Agreed no chipotles with the huitlacoche. But a bit of jalapeno might be good, to counterpoint the mexican white cheese and offer that greenish, verdant, peppery flavor as well as spice. I've had it that way in DF.
What else on the huitlacoche pie? I've got a fantasy about adding shiso leaves just after it comes out of the oven, but it just sounds so precious and jive/fusiony. I'd love to find a way to work a subliminal bit of warm/sweet maple into that mix....if I can find a way to do it real subtly (obviously not detectably sweet). Maple + huitlacoche for some reason rings a bell (though, again, in like a one-to-one-hundred ratio).
Dear Veggo please tell us, and further impel us, into beauties of corn smut et al.
I've known long of the rapture of this fungal encapture, but I've just never et' it.... my wrong
If I start with the canned, will I find it so bland,
that I question the cult 'round huitlacoche?

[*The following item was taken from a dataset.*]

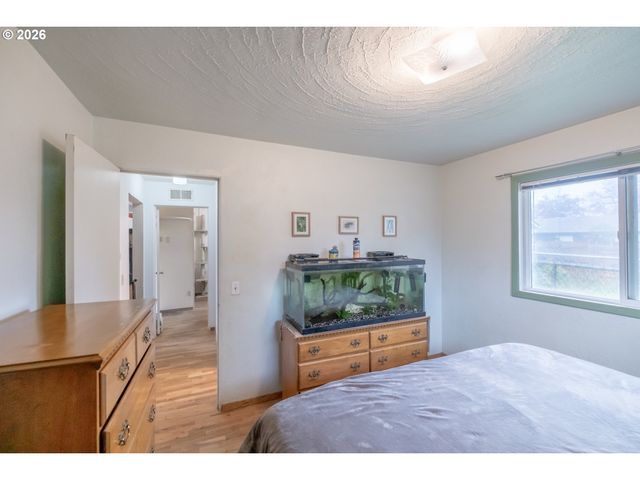 240 S 7TH St, Lebanon, OR 97355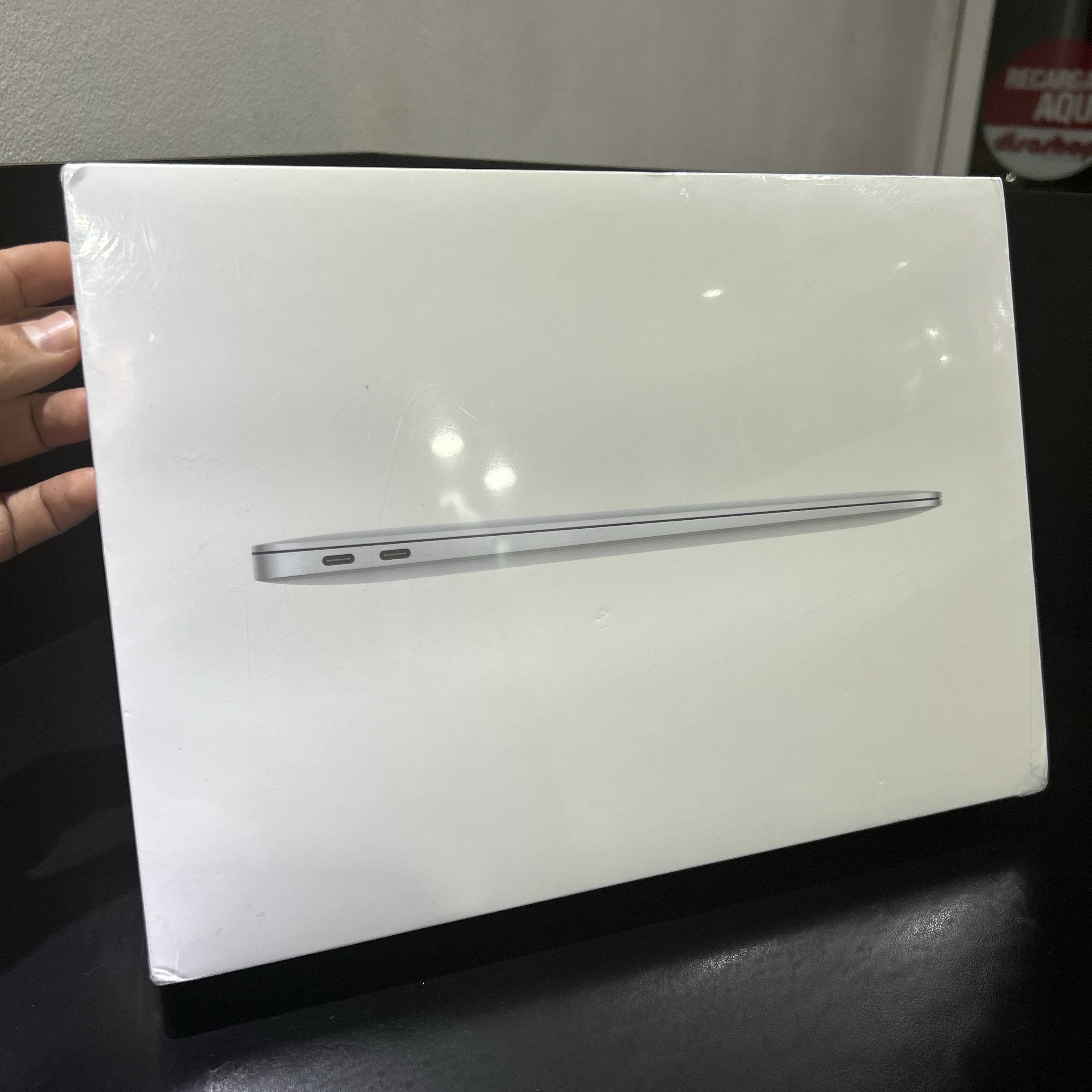 computadoras y laptops - MACBOOK AIR M1 13" 256GB 8GB RAM SELLADA OFERTA‼️ 0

I'm for tasting each fungus among us
But I lack your acumen and skill
of the foodstuffs that grow
as Equator we go.
We Okies don't do 'quators, still.
So give hint, maybe song
I don't wanna do fungus that's wrong.
white onions, epazote, cilantro, and cotija cheese and a fried egg or two on top?
or squash blossoms, cherry tomatoes, onions, chiles, garlic, cumin and chevre?
or portabello mushrooms, roasted corn, garlic onions, dill, and ricotta cheese?